Le coup de pouce avant le coup de grâce. Sur une percée plein axe après un appel tranchant, Julian Alvarez a bénéficié de deux contres favorables avant de tromper Livakovic à bout portant (2-0, 39eme). On attendait évidemment Messi. Classieux dans ses prises de balle orientées, déterminé sur ses accélérations, le septuple Ballon d’Or a encore joué ce match avec beaucoup de personnalité, confirmant cette agressivité maradonienne qui le caractérise dans ce Mondial où son peuple n’a d’yeux que pour lui.
Julian Alvarez, un poison qui détonne aux côtés du génie
On attendait un peu moins le jeune Julian Alvarez. Malgré ses promesses affichées plus tôt dans le tournoi, l’attaquant de Manchester City avait déçu contre les Pays-Bas. Surtout, son style peu académique détonne. Mais il faudra le surveiller comme le lait sur le feu car sa qualité d’appel – il est le seul à attaquer la profondeur -, son sens du but et son abnégation contagieuse peuvent causer bien des dégâts.
Dans cette configuration, l’Argentine a disputé la suite du match dans un relatif confort.

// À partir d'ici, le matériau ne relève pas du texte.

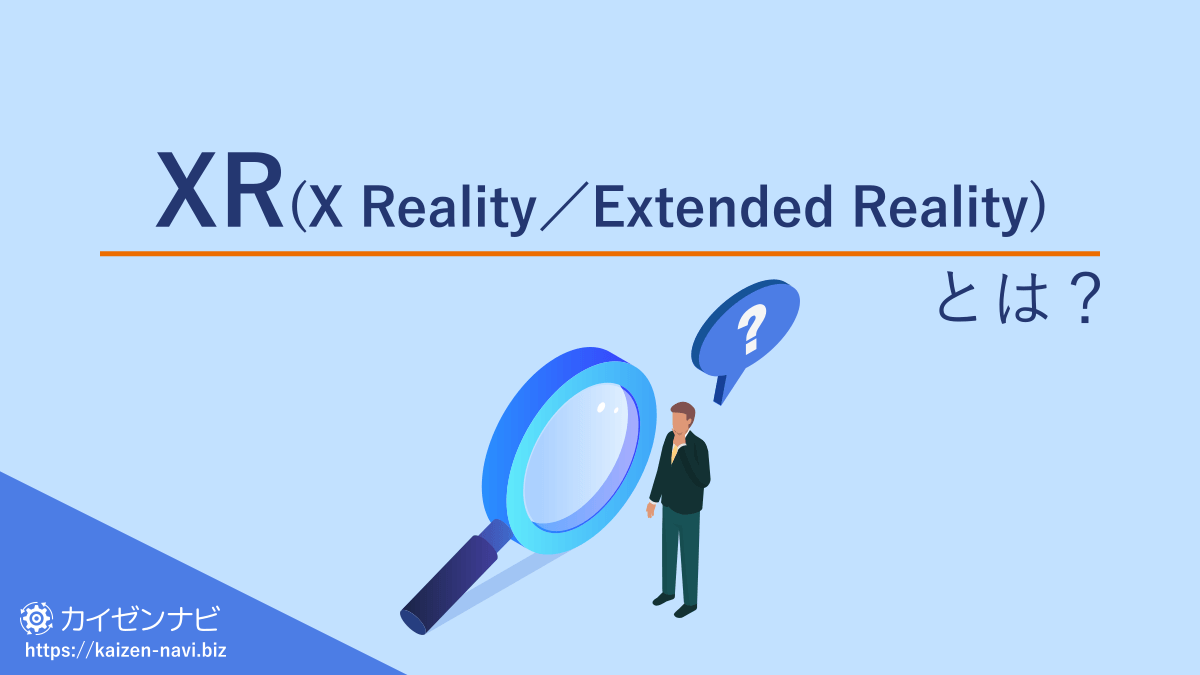 XR(X Reality／Extended Reality)とは？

Messi s’est offert une balle de 3-0 sur une action en solo dont il a le secret, dès le retour des vestiaires (47eme). Quelque part, le mérite de l’Albiceleste a été de ne pas reculer face à une Croatie timorée entre l’idée de se livrer totalement et la crainte de ne pas voir le match lui échapper définitivement. Un entre-deux qui a fait le bonheur des hommes de Scaloni, plus sûrs de leur fait. Et qui de mieux que le tandem Messi-Alvarez pour mettre un dernier coup de collier ?
Puisqu’ils s’étaient presque occupés de tout auparavant, le génie et son lieutenant ont scellé la qualification de l’Argentine. Messi s’est alors chargé de rappeler au monde entier que sa virtuosité a peu d’égal. Sur un rush en solitaire sonnant comme un éveil à ses jambes de 20 ans, le natif de Rosario, qui avait mystifié trois gardes du corps sur le côté droit, a distillé un caviar à Alvarez, buteur facile pour le 3-0 (69eme). L’addition était réglée.
Au cours d’une dernière demi-heure où les lignes se sont logiquement étirées, l’Argentine a géré son avantage sans trembler, sous les chants d’un public amouraché. Jusqu’au coup de sifflet final. Instant de délivrance pour Lionel Messi, les yeux vers le ciel et le poing levé. L’histoire dira si le maître à jouer de l’Albiceleste pourra conquérir l’or massif qui manque encore à sa vitrine dorée. En face, la Croatie est tombée les armes à la main – non sans regrets au vu du scénario. En se hissant pour la troisième fois de sa jeune histoire dans le dernier carré d’un Mondial, la sélection au damier a prouvé, s’il le fallait, qu’elle était bien un géant de ce jeu.